Особенности национального выживания

Поездка в гости к эвенкам манила давно, да все как-то не выходило: то дороги нет, то погода не та. Наконец, случай представился. Командировка в Казачинско-Ленский район, запланированная заранее, предполагала поездку и на эвенкийскую землю – в деревню Вершина Ханды, и в одну из отдаленных деревень – Ермаки.

По приезде выяснилось, что путешествие откладывается. «Дорогу занесло», – пояснили районные власти и предложили съездить развеяться… на курорт «Талая». Поняв, что дело вовсе даже не в дороге, а просто чиновники пытаются во что бы то ни стало нас в деревни не пустить, пришлось искать обходные маневры, к счастью, увенчавшиеся успехом.

Эвенкийская «экзотика»

Небольшая эвенкийская деревушка Вершина Ханды – единственное в районе место компактного проживания эвенков. Накануне поездки в районном Доме культуры встретились с представителем эвенкийской национальности – руководителем РУССКИХ вокальных и хореографических коллективов Викторией Чинагиной.

– Род Чинагиров, к которому отношусь и я, – начала рассказ Виктория, – жил в верховьях реки Чинонги. Родовая деревня раньше относилась к Качугскому району, наши кочевали, в Вершину Ханды ездили, чтобы меняться невестами. В Вершине Ханда жил род Джерандолей, представители которого носили фамилию Жерандоевы. Все здесь традиционно занимались оленеводством, охотились, рыбачили. Когда началась война, все мужчины ушли на фронт, а женщины прикочевали в одно место – деревню Вершина Ханды.

Эвенкийская деревня всегда была небольшая. В лучшие времена там насчитывалось не более сотни жителей. Была когда-то здесь начальная школа, а старших детей размещали в райцентре Казачинское, в интернате.

На вопрос, помнит ли Виктория эвенкийский язык, только смеется:

– Как же я могу его помнить? Мы домой два раза в год приезжали – на зимние и летние каникулы. Конечно, то, что говорили родители, – понимали, но со временем и с этим возникли трудности.

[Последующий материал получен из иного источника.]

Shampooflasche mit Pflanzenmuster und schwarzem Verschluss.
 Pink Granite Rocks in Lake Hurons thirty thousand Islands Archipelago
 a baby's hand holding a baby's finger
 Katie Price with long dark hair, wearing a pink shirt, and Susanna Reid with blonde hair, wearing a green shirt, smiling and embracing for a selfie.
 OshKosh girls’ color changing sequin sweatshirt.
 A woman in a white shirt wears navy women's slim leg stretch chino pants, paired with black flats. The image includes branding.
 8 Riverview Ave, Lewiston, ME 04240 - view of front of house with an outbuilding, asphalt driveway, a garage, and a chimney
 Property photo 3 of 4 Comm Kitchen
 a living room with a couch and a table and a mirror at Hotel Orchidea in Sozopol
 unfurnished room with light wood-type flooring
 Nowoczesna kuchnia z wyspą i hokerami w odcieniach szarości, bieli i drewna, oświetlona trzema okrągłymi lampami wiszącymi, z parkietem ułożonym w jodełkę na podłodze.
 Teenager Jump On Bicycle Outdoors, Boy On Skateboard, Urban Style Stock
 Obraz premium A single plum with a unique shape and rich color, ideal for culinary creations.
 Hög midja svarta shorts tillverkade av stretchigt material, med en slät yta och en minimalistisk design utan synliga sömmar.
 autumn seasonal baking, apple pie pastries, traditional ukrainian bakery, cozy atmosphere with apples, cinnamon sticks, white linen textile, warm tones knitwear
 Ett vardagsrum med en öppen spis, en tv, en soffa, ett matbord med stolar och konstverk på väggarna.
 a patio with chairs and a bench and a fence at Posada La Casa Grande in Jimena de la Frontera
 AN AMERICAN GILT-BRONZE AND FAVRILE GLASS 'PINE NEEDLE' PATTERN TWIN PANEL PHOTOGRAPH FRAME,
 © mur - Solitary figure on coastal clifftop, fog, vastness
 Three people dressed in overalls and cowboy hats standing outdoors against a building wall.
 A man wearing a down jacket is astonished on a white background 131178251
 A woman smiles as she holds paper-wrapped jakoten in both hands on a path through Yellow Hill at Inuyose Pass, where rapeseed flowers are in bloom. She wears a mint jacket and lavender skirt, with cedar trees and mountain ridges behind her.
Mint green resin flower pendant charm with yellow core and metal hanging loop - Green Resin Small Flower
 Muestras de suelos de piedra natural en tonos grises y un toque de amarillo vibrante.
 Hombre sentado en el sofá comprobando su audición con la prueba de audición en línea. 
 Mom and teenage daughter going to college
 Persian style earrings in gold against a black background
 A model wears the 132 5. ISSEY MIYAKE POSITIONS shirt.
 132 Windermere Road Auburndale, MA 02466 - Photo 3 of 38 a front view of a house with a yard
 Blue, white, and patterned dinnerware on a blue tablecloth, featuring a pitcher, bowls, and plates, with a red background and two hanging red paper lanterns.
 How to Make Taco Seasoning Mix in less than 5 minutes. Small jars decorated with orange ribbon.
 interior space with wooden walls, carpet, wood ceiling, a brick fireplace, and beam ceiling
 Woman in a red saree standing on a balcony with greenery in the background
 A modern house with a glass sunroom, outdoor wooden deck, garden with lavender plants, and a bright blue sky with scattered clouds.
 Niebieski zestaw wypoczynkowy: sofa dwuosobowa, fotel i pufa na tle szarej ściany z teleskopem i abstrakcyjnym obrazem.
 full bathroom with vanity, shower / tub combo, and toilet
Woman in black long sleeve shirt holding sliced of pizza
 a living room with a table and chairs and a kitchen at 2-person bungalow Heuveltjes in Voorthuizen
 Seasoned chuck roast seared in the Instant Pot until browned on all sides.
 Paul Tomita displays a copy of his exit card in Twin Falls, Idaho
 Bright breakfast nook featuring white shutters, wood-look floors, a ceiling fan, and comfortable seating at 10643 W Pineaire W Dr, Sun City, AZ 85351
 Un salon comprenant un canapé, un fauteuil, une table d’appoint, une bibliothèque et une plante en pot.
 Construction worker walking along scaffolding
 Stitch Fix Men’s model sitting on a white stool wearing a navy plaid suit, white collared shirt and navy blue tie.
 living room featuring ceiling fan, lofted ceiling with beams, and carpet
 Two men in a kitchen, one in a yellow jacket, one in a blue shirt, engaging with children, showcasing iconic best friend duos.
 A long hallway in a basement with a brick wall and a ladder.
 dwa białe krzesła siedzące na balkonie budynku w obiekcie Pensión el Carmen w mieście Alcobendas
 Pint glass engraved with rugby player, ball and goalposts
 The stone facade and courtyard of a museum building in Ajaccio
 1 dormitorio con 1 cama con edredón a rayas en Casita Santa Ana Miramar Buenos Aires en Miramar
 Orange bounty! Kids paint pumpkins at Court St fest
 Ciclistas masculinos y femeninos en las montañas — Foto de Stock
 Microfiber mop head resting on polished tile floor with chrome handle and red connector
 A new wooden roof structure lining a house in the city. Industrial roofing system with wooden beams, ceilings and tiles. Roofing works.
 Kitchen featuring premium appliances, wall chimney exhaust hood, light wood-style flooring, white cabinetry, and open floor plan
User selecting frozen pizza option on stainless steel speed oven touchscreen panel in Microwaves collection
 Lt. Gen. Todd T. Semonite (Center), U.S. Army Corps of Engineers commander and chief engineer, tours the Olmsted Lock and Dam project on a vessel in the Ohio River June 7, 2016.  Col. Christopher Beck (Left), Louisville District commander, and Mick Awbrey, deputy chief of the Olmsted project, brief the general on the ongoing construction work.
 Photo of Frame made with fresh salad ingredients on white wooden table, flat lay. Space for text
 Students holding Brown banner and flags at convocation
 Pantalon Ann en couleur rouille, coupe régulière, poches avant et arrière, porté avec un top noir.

Подруга Виктории Любовь Реброва, тоже жительница Казачинска, вспоминает, как жили эвенки в деревне:

– Эвенкийская изба выглядела так: от входа направо русская глинобитная печь, налево – кровать, в переднем левом углу – стол, вдоль стен – лавки и сундук. Правый угол служил кухней. Рядом с избой во дворе у большинства стояли чумы из жердей, покрытые лиственничной корой. И сегодня их еще можно встретить у многих. Там деревенские летом живут, готовят еду. Только покрывают не как раньше – корой, а рубероидом.

На вопрос, помнят ли подруги, какую одежду носили эвенки, хором перечисляют: парку – шубу из оленьих шкур, камусы – унты, кульмеса – сапоги с короткими голенищами и ичиги, хэрки – короткие штаны из замши, коколды – рукавицы-верхонки с отверстием для большого пальца.

В советские времена был в Вершине Ханды зверопромхоз.

– Все-таки что-то зарабатывали – ягоду сдавали, рыбу, мясо. Заставляли еще всякие почки да листочки собирать, – рассказывает Любовь Реброва. – Копейка шла. Заработаешь – получишь. А сейчас некуда сдать. Никто не принимает. Раньше бруснику, клюкву собирали, она же ценная. Кислицу, смородину… Сейчас хуже стало, только рыбалкой и охотой люди живут, да и той – кот наплакал. Как построили БАМ, в тайгу народ повалил. Зверя теперь на всех не хватает.

Добытое мясо и рыбу эвенки делили поровну на всех – обычай такой был в деревне. Особо почитали медведя. У него было пятьдесят иносказательных названий. Рассказали подруги о детских играх, о семьях, о том, что и сегодня при любом удобном случае с удовольствием ездят на свою малую родину. Зимой – прямо до места – чуть более 60 км от райцентра, летом, проехав 40 км, дальше «бегут» пешком.

– Разве это много? – смеясь, удивляются наши собеседницы. – Часов за пять добегаем.

Поездка в деревню, прямо скажем, разочаровала. Несколько унылых домишек в одну улицу, названную с претензией – Центральная. Множество собак и практически полное отсутствие людей – охотничий сезон в самом разгаре.

Бывшая управляющая Зоя Васильевна Городилова рассказала, что еще в 1992 году была создана в деревне Верхнехандинская эвенкийская община. Есть в Ханде кроме управляющего еще и староста. Изначально хотели жители свои вопросы сообща решать, а на деле ничего не получается.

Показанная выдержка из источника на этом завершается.